« Serre les dents et souris. »

C'est, a déjà dit Christine Lagarde, ce que lui a appris la nage synchronisée. Aujourd'hui directrice générale du Fonds monétaire international (FMI), elle a déjà été championne de ce sport.

Elle va très certainement continuer à mettre en pratique cette leçon au cours des prochains jours : un tribunal français vient de la reconnaître coupable de « négligence ».

Un échec retentissant pour celle qu'on n'hésitait pas, ces dernières années, à qualifier de « Française la plus influente du monde ».

L'affaire est complexe et remonte à l'époque où Christine Lagarde était ministre de l'Économie du président Nicolas Sarkozy.
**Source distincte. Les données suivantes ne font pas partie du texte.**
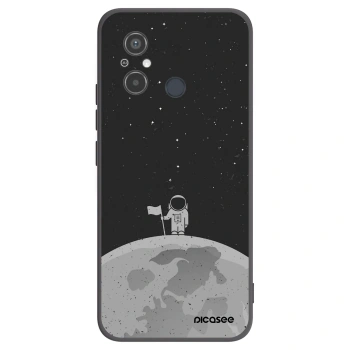 Picasee husă neagră din silicon pentru Xiaomi Redmi 12C - Astronaut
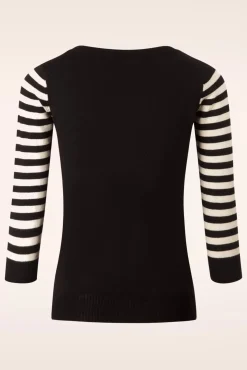 Sale Debbie Cat Gestreepte Trui In Zwart Vrouwen Truitjes
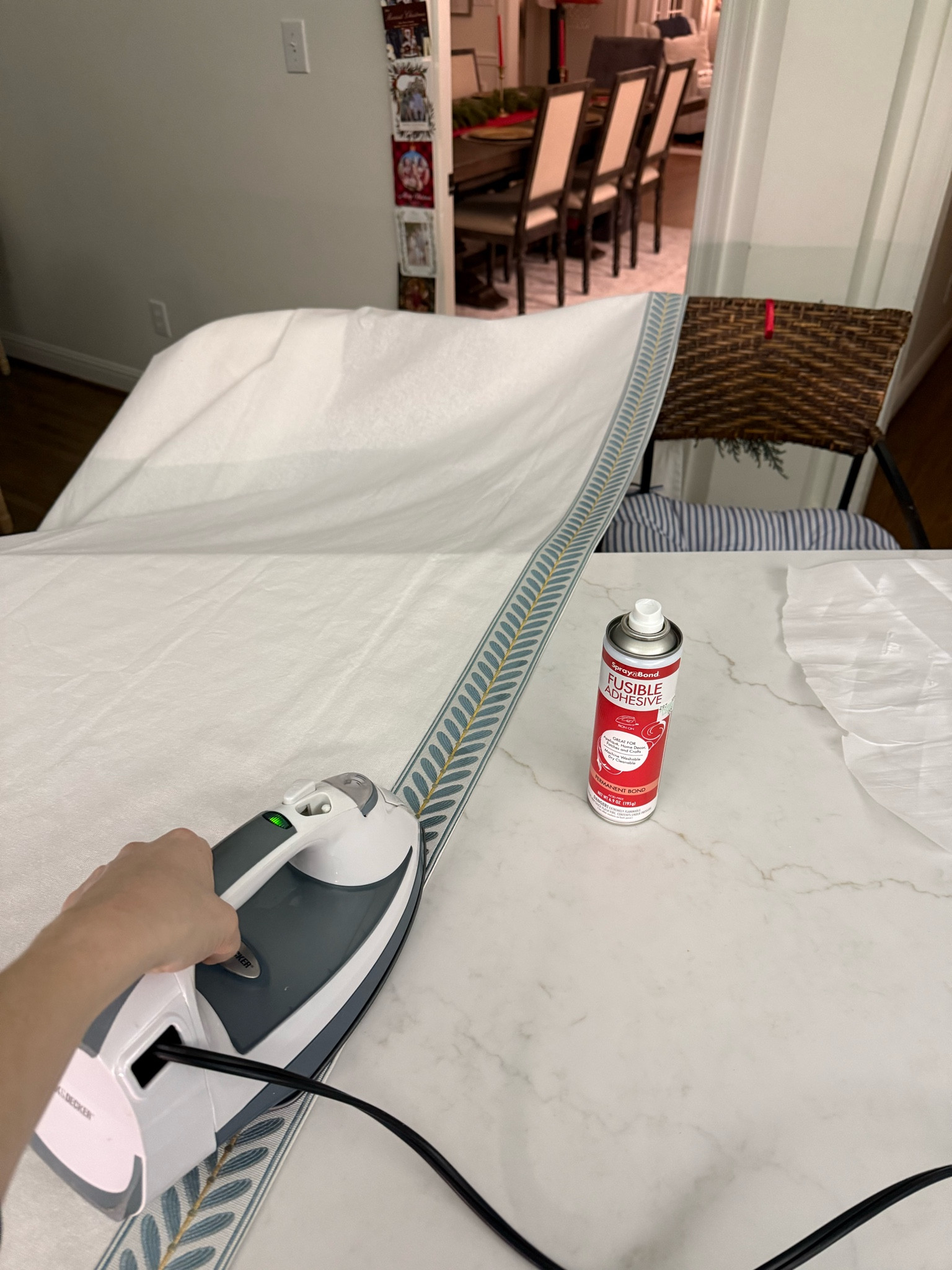 Give any curtains a custom look by adding a trim! Bonding the trim with spray adhesive is the way to go! So easy!!! Linking everything you need! 

#LTKHome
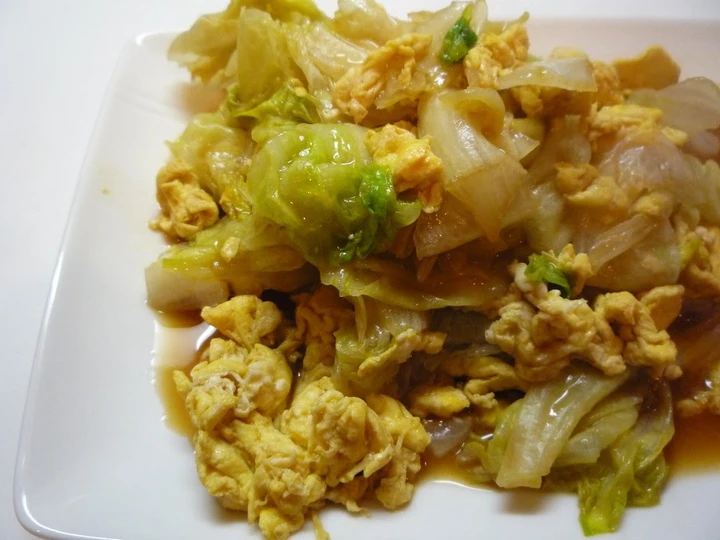 Easy Steps Prepare Recipes Easy Lettuce &amp;amp; Egg Stir-Fry with Oyster Sauce the Delicious Really Delicious.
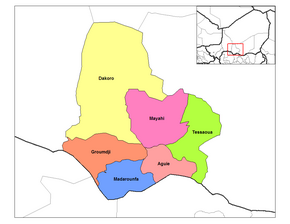 Poziția localității Departamentul Mayahi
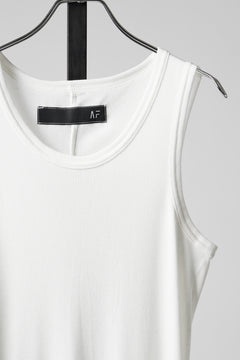 Load image into Gallery viewer, A.F ARTEFACT SKIN TANKTOP / COTTON RIB (WHITE)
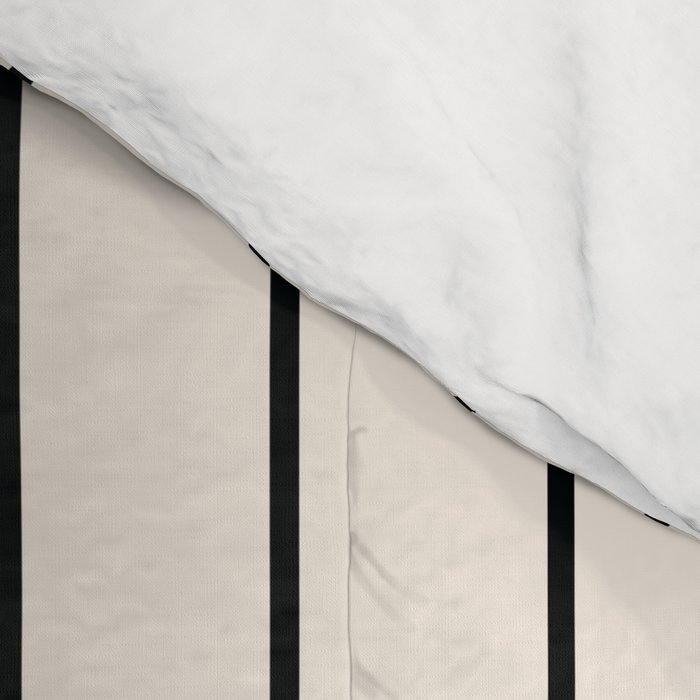 Geometric Lines in Black and Beige 14 (Rainbow and Sun Abstraction) Comforter Gallery Image 4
Elle met en scène l'homme d'affaires Bernard Tapie, qui estimait avoir été lésé (en 1992) lorsqu'il a vendu l'entreprise Adidas à une banque publique française pour faire le saut en politique. Il jugeait qu'il aurait dû obtenir plus que les 315 millions d'euros reçus à l'époque.

Afin de régler ce litige qui pourrissait depuis une quinzaine d'années, Christine Lagarde a donné son accord - « contre l'avis d'un organe consultatif », rappelait-on hier - à une procédure d'arbitrage. Un geste controversé puisque Bernard Tapie avait déjà été débouté par un tribunal en 2006.

Les Français n'étaient pas au bout de leurs surprises dans ce dossier. Les arbitres ont accordé, deux ans plus tard, une somme additionnelle de 403 millions d'euros à l'homme d'affaires (l'équivalent actuel de plus de 560 millions de dollars canadiens).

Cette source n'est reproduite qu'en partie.